Thereby, in liquid coolant discharge, it is possible to maintain an
opening degree of the auxiliary valve portion in a fully opened
state and efficiently discharge the liquid coolant irrespective of
pressure of a suction chamber.
[0014] The capacity control valve according to a second aspect of
the present invention is characterized in that the first biasing
member is arranged between the rod and the valve element.
[0015] According to the second aspect, it is possible to transmit
drive force of the solenoid in the valve closing direction of the
main valve portion via the first biasing member arranged between
the rod and the valve element and reliably close the main valve
portion.
[0016] The capacity control valve according to a third aspect of
the present invention is characterized in that the first biasing
member has a communication portion communicating with the
intermediate communication passage.
[0017] According to the third aspect, regarding a coolant flowing
through the intermediate communication passage, by the
communication passage, a flow of the coolant is not inhibited.
[0018] The capacity control valve according to a fourth aspect of
the present invention is characterized in that the solenoid further
includes a plunger connected to the rod, a core arranged between
the plunger and the valve main body, an electromagnetic coil, and a
second biasing member arranged between the plunger and the
core.
[0019] According to the fourth aspect, by the second biasing member
arranged between the plunger and the core, it is possible to
reliably bias the valve element in the valve opening direction of
the main valve portion.
[0020] The capacity control valve according to a fifth aspect of
the present invention is characterized in that the first pressure
is suction pressure of the variable capacity compressor, the second
pressure is discharge pressure of the variable capacity compressor,
and the third pressure is pressure of a crank chamber of the
variable capacity compressor. The capacity control valve according
to a sixth aspect of the present invention is characterized in that
the first pressure is pressure of a crank chamber of the variable
capacity compressor, the second pressure is discharge pressure of
the variable capacity compressor, and the third pressure is suction
pressure of the variable capacity compressor.
[0021] According to the fifth or sixth aspect, it is possible to
respond to various variable capacity compressors.
[0022] In order to solve the foregoing problems, a method for
controlling a capacity control valve according to a seventh aspect
of the present invention is a method for controlling a capacity
control valve, characterized by including the step of making the
main valve portion from a closed state to an opened state when the
auxiliary valve portion is in an opened state.

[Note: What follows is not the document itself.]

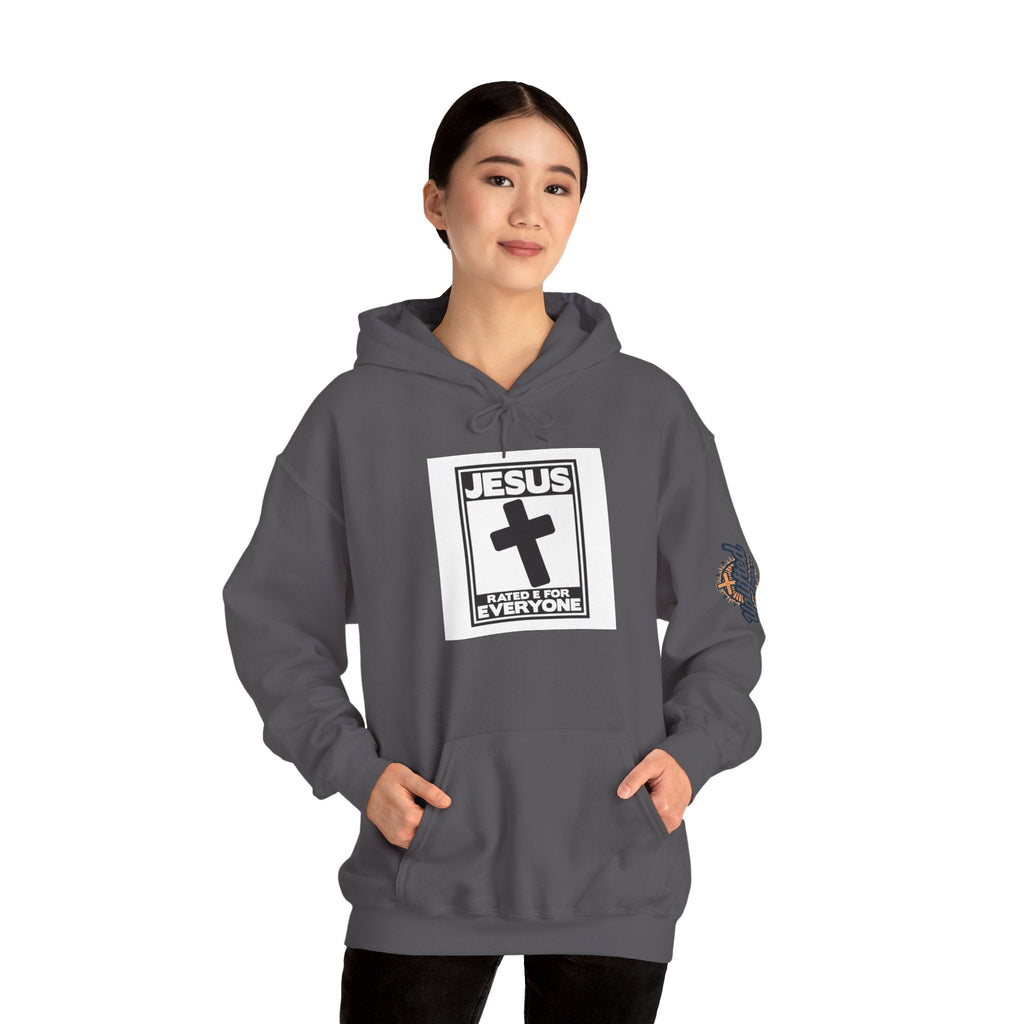 Jesus, Rated E for Everyone Hoodie - Gamer Faith Hoodie - Christian Video Game Parody Printify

[0023] According to the seventh aspect, in a state where biasing
force of the pressure-sensitive body does not act on the valve
element at the time of the liquid coolant discharge, the main valve
portion is opened and a flow rate from a discharge chamber to a
control chamber is increased, so that it is possible to reduce the
load of the compressor.
BRIEF DESCRIPTION OF THE DRAWINGS
[0024] FIG. 1 is a front sectional view of a capacity control valve
according to the present invention.
[0025] FIG. 2 is an enlarged view of part of a valve main body, a
valve element, and a solenoid of FIG. 1 showing the capacity
control valve at the time of turning off the solenoid.
[0026] FIG. 3 is an enlarged view of part of the valve main body,
the valve element, and the solenoid of FIG. 1 showing a control
state of the capacity control valve.
[0027] FIG. 4 is an enlarged view of part of the valve main body,
the valve element, and the solenoid of FIG. 1 showing a state of
the capacity control valve at the time of liquid coolant
discharge.
[0028] FIG. 5 is a view showing a first biasing member.
[0029] FIG. 6 is a front sectional view showing a conventional
capacity control valve.
[0030] FIG. 7 shows a state of the conventional capacity control
valve at the time of liquid coolant discharge.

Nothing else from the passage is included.